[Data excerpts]
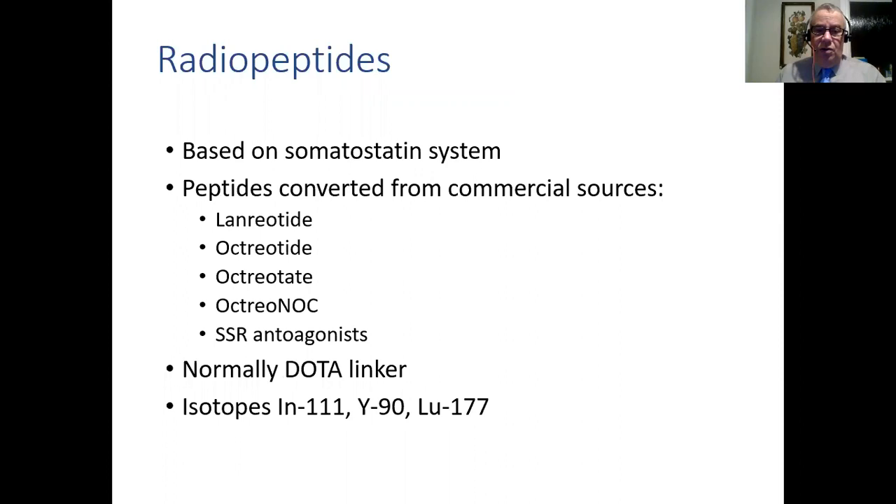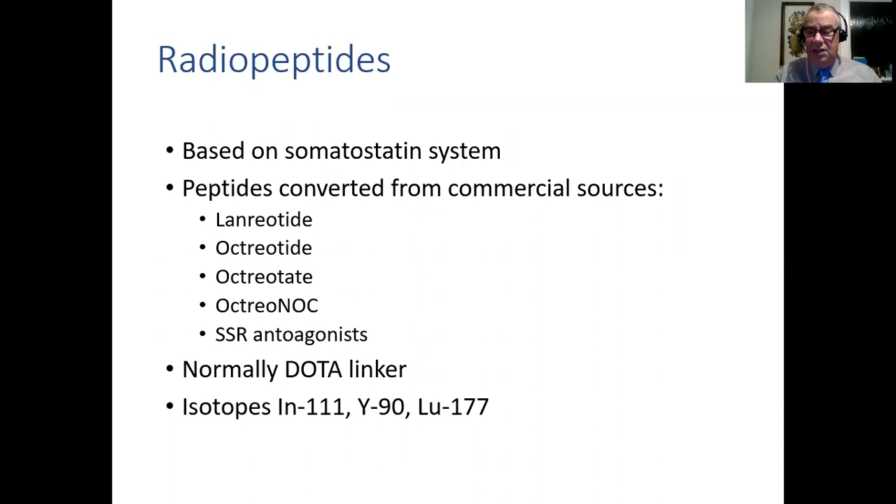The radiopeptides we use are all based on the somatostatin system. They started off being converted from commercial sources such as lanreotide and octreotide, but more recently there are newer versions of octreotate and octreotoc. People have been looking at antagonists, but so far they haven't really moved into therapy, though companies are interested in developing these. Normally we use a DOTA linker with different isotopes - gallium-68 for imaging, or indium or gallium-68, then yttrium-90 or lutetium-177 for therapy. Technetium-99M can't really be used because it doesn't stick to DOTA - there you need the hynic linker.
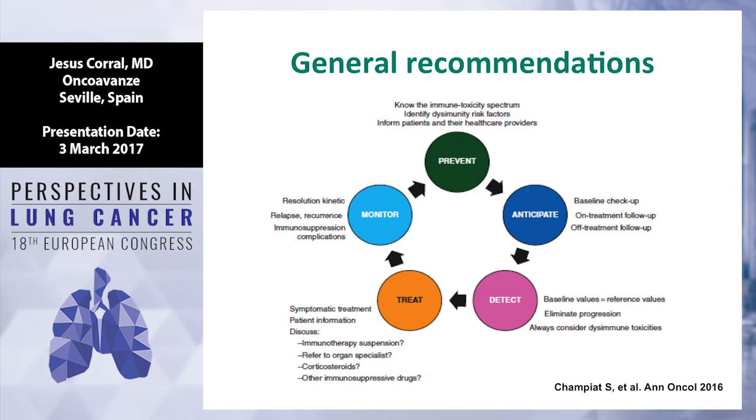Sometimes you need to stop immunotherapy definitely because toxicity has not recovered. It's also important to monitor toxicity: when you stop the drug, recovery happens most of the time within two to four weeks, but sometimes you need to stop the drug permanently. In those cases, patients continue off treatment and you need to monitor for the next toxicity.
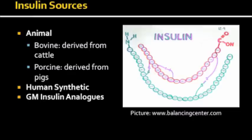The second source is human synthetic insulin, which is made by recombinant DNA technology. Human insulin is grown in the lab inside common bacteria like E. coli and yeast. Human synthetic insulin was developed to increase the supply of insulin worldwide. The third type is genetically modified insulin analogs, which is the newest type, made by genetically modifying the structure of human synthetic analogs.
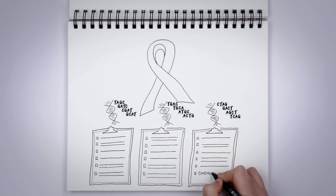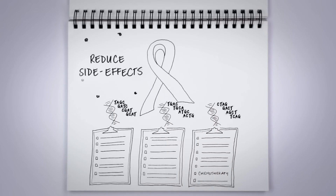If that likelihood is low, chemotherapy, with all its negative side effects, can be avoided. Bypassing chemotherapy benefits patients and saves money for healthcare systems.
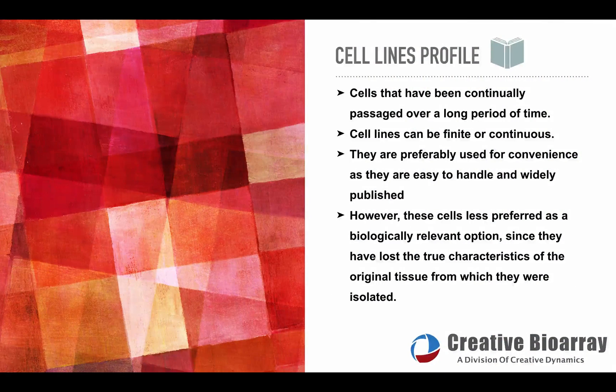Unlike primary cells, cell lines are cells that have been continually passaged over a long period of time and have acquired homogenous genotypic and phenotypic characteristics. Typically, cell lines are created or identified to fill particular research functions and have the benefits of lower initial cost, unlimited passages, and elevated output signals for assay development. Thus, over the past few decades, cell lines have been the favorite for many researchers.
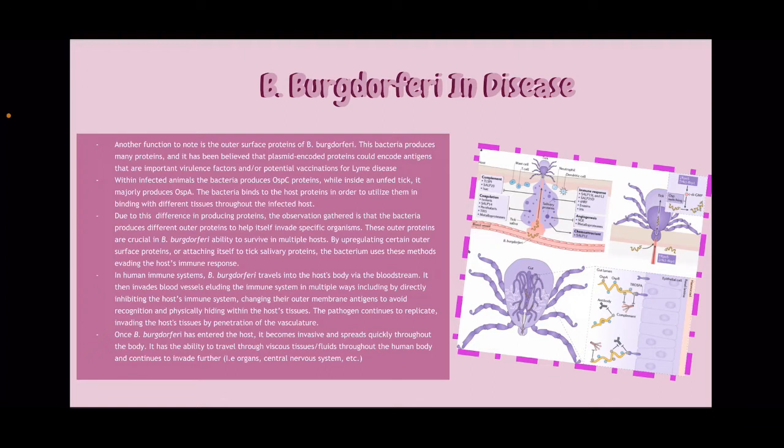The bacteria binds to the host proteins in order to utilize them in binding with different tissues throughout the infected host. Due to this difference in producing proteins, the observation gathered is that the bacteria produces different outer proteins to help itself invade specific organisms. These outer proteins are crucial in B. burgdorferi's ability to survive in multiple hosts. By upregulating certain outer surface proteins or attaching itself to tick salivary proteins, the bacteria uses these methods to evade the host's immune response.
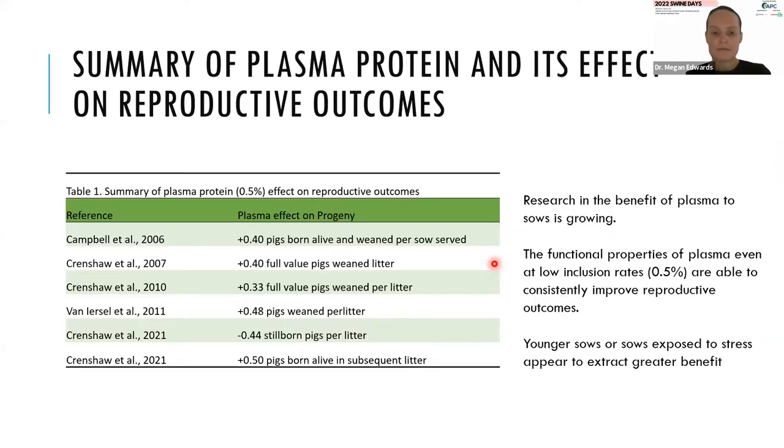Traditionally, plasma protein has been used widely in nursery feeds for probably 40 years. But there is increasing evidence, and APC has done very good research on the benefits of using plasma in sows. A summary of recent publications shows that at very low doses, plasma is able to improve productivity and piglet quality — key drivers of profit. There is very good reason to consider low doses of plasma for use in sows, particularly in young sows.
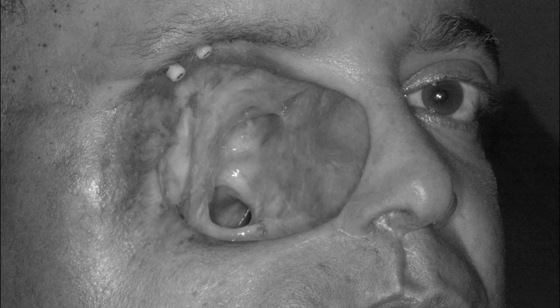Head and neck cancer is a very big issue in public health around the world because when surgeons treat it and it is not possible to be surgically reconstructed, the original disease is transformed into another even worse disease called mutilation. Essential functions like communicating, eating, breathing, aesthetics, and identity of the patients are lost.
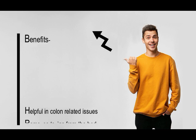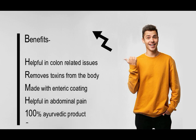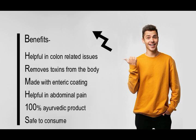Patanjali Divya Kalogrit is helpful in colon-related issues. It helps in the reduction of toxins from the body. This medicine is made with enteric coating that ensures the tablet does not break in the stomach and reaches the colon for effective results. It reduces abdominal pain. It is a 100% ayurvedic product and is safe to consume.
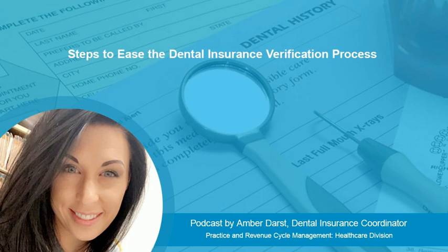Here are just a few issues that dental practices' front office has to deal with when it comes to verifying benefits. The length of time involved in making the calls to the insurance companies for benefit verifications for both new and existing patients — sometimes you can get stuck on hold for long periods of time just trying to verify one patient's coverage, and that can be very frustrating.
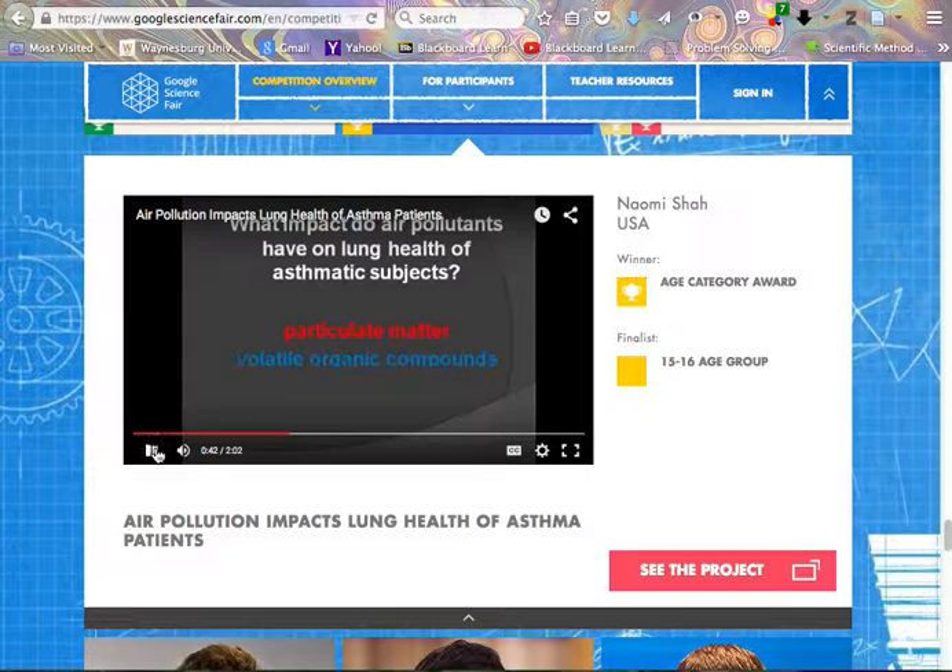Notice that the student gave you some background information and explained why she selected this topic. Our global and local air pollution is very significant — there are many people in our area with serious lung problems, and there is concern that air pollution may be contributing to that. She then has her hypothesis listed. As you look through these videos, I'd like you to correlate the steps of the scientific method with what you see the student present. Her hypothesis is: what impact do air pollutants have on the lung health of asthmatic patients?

**Work instruction**
Above are entries with pictures among them. Write out exactly the lines from the one containing "Patanjali Divya Kalogrit" through the one containing "Here are just", ends included, and leave those pictures out.

**Answer section**
Patanjali Divya Kalogrit is helpful in colon-related issues. It helps in the reduction of toxins from the body. This medicine is made with enteric coating that ensures the tablet does not break in the stomach and reaches the colon for effective results. It reduces abdominal pain. It is a 100% ayurvedic product and is safe to consume.
Here are just a few issues that dental practices' front office has to deal with when it comes to verifying benefits. The length of time involved in making the calls to the insurance companies for benefit verifications for both new and existing patients — sometimes you can get stuck on hold for long periods of time just trying to verify one patient's coverage, and that can be very frustrating.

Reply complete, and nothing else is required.